3) As aparências enganam
Mesmo depois de achar por onde os recursos estão indo ralo abaixo, podemos muitas vezes, olhando de forma superficial e apressada, achar que o sintoma do problema é a verdadeira causa-raiz dele. Explico melhor:
Suponhamos que a Clínica X percebe uma queda repentina no número de consultas marcadas no mês passado. Diante do cenário, algumas hipóteses são suscitadas pela equipe:
a) as atendentes não estão sendo atenciosas com os clientes que ligam para marcar a consulta;
b ) os clientes estão com dificuldade de contatar a clínica;
c) as chuvas de verão fizeram com que os clientes optassem por ficar casa;
d) as consultas ocorreram, mas não foram lançadas no sistema;
e) a demanda está sensível ao preço e não foi feita a devida pesquisa de mercado junto aos concorrentes.
Após verificações mais aprofundadas, a hipótese mais provável foi que os clientes estavam com dificuldade em fazer contato com a clínica. Mas qual a causa-raiz desse problema?
Novamente a equipe se reuniu e começaram a se questionar:
1) Porque os clientes estão com dificuldade de contatar nossa clínica?
Após consultar alguns clientes, concluíram que a linha havia ficado muda por alguns dias.

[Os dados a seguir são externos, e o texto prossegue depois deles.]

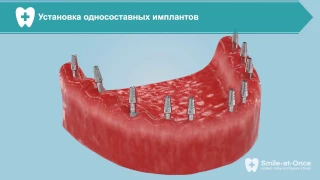 Базальная имплантация при отсутствии всех зубов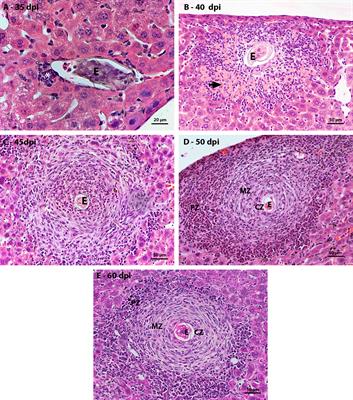 The hepatic extramedullary hematopoiesis during experimental murine Schistosomiasis mansoni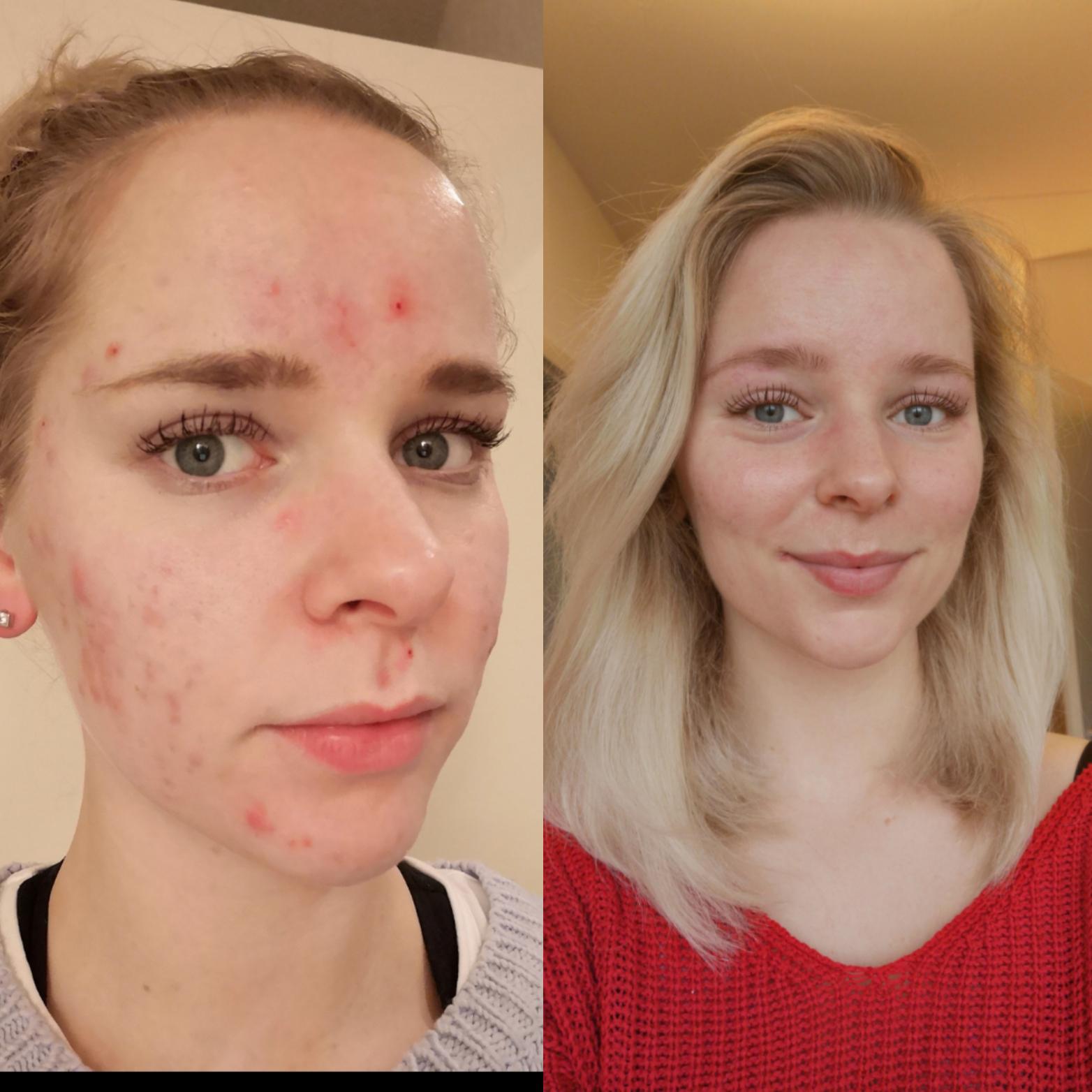 10 Months In First Time In Public Without Foundationbb Cream Scrolller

2) Mas porque a linha ficou muda?
Após verificar junto à empresa de telefonia e ao prestador de serviços do PABX, concluiu-se que o aparelho esteve desligado.

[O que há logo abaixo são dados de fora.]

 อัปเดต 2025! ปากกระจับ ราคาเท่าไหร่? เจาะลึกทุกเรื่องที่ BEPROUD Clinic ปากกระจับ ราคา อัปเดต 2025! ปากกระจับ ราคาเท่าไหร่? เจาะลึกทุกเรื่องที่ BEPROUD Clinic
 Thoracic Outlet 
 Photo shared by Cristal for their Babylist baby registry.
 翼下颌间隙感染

3) Mas porque o PABX foi desligado?
Após averiguar as instalações elétricas e não se verificar nenhuma não-conformidade na fiação, chegaram a conclusão que o filtro de linha havia sido desligado.
4) Mas porque o filtro de linha foi desligado?

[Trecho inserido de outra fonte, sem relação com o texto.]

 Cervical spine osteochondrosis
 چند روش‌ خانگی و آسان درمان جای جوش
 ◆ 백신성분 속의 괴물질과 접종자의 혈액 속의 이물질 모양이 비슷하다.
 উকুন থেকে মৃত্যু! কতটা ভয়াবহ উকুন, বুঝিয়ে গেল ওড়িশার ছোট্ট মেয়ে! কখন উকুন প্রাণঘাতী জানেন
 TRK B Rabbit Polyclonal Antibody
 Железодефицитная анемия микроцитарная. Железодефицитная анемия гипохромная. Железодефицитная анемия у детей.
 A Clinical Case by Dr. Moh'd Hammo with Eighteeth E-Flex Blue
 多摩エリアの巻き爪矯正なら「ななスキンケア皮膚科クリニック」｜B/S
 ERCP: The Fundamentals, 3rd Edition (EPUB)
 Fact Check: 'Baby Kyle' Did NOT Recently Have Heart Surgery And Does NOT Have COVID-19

Após conversar com as atendentes e demais pessoas que tinham acesso a sala de contact center, concluiu-se que, por conta da localização de um dos filtros de linha, a encarregada da limpeza sempre o mudava de posição para poder limpar adequadamente o ambiente e acabou desligando-o involuntariamente.
Desta forma, chegamos a causa-raiz do problema de baixa demanda por consultas no mês antecedente: o filtro de linha do contact center estava mal posicionado/acondicionado.
Para chegar a estas hipóteses, sintomas e finalmente à causa-raiz, os gestores da Clínica X usaram o Diagrama de Ishikawa combinado com a técnica dos 5 Porquês.
4) Hora de agir
Pegando o exemplo acima, é fácil pensar em quais medidas devem ser tomadas. O filtro de linha deve ser posicionado de forma que durante a limpeza o mesmo não precise ser trocado de local, nem tampouco possa ser ligado ou desligado acidentalmente. Porém, em situações que envolvem intervenções mais complexas, sugiro que você use 5W2H ou mesmo SCRUM.
5) Para o alto e avante!
Após achar o fluxo ideal para os processos que apresentavam não-conformidades, faça a padronização dos mesmos através da documentação (POP's), treine os colaboradores e monitore os KPI's para que não volte a ter variações no processo. No momento oportuno, após atacar os problemas mais graves (Pareto, lembra?), volte a estes processos já padronizados e estabeleça parâmetros ainda mais rigorosos de conformidade. Em Gestão da Qualidade Total (GQT) chamamos isso de Kaizen ou Melhoria Contínua.
Siga esses passos e veja a melhoria incrível no fluxo de trabalho da sua clínica, na redução dos desperdícios e consequentemente no valor percebido pelos seus pacientes.